** SOURCE MATERIAL follows **
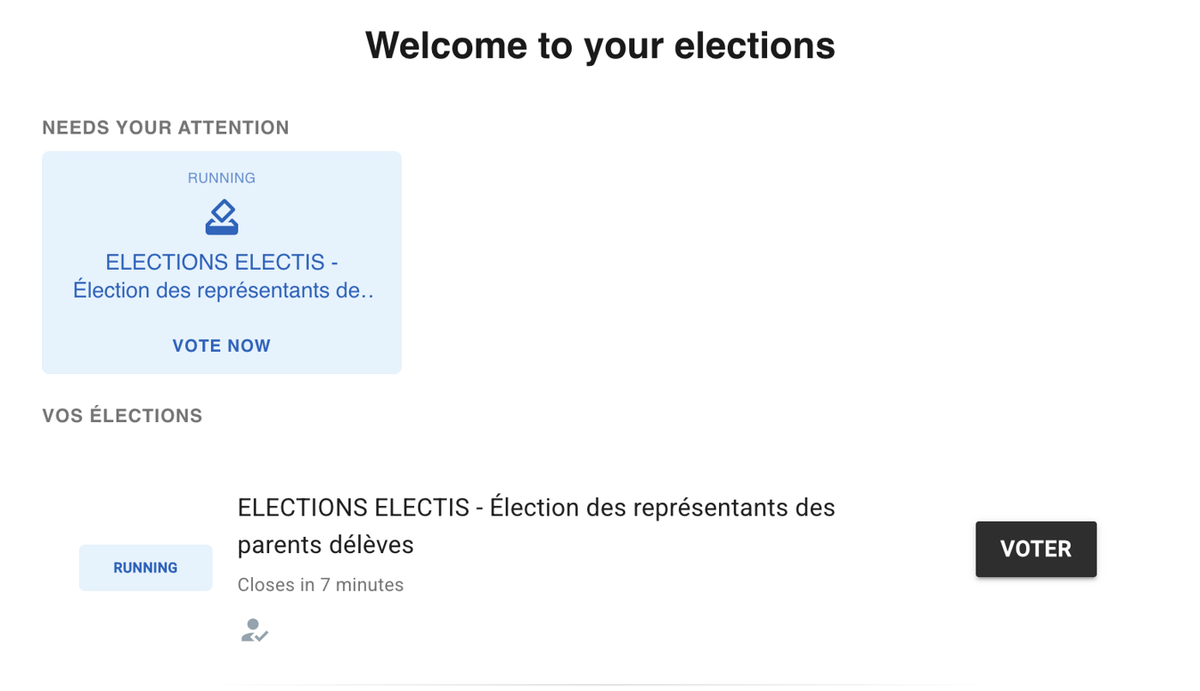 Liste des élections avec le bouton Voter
** End of SOURCE MATERIAL **
** SOURCE MATERIAL follows **
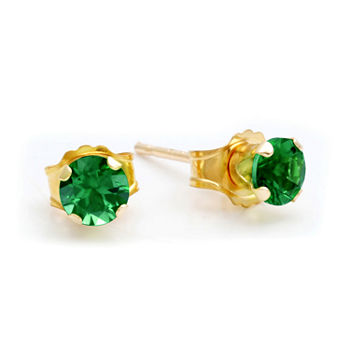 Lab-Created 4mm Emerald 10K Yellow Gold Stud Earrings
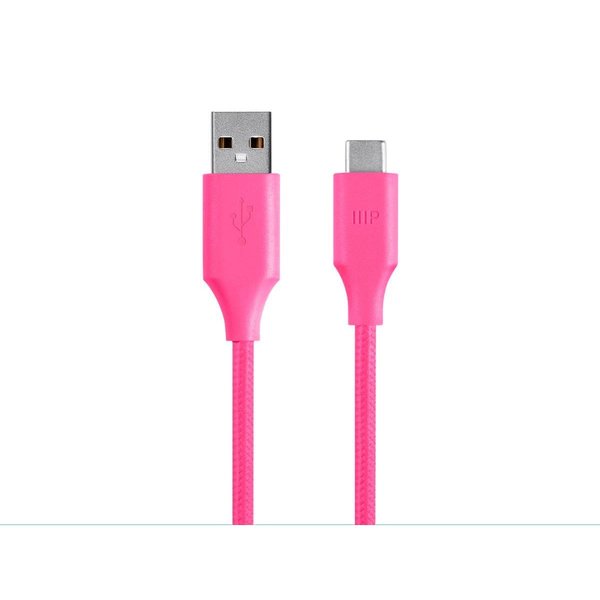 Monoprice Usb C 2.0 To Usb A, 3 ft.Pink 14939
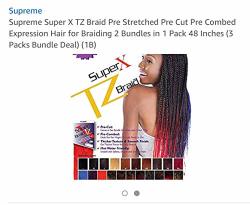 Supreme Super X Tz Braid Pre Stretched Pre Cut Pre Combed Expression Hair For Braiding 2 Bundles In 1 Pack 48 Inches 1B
** End of SOURCE MATERIAL **
** SOURCE MATERIAL follows **
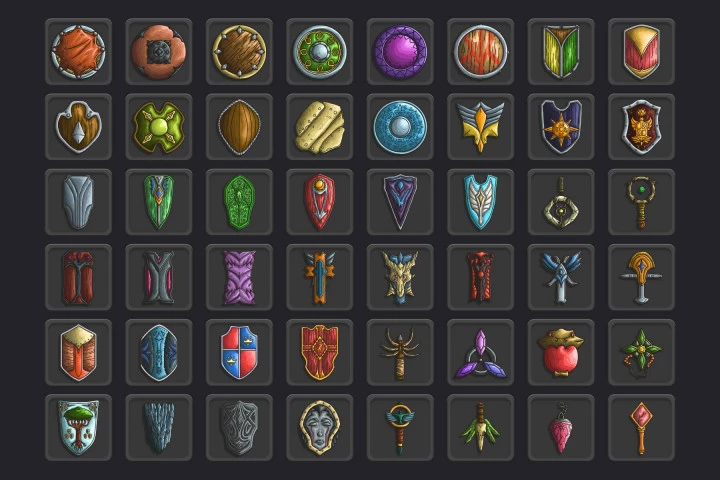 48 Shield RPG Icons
** End of SOURCE MATERIAL **
#### EXERCISE OBJECTIVE
Starting with the line that has "Lab-Created 4mm Emerald" and going on through the line that has "Supreme Super X", transcribe the records above exactly, but skip the pictures.

#### YOUR SOLUTION
 Lab-Created 4mm Emerald 10K Yellow Gold Stud Earrings
 Monoprice Usb C 2.0 To Usb A, 3 ft.Pink 14939
 Supreme Super X Tz Braid Pre Stretched Pre Cut Pre Combed Expression Hair For Braiding 2 Bundles In 1 Pack 48 Inches 1B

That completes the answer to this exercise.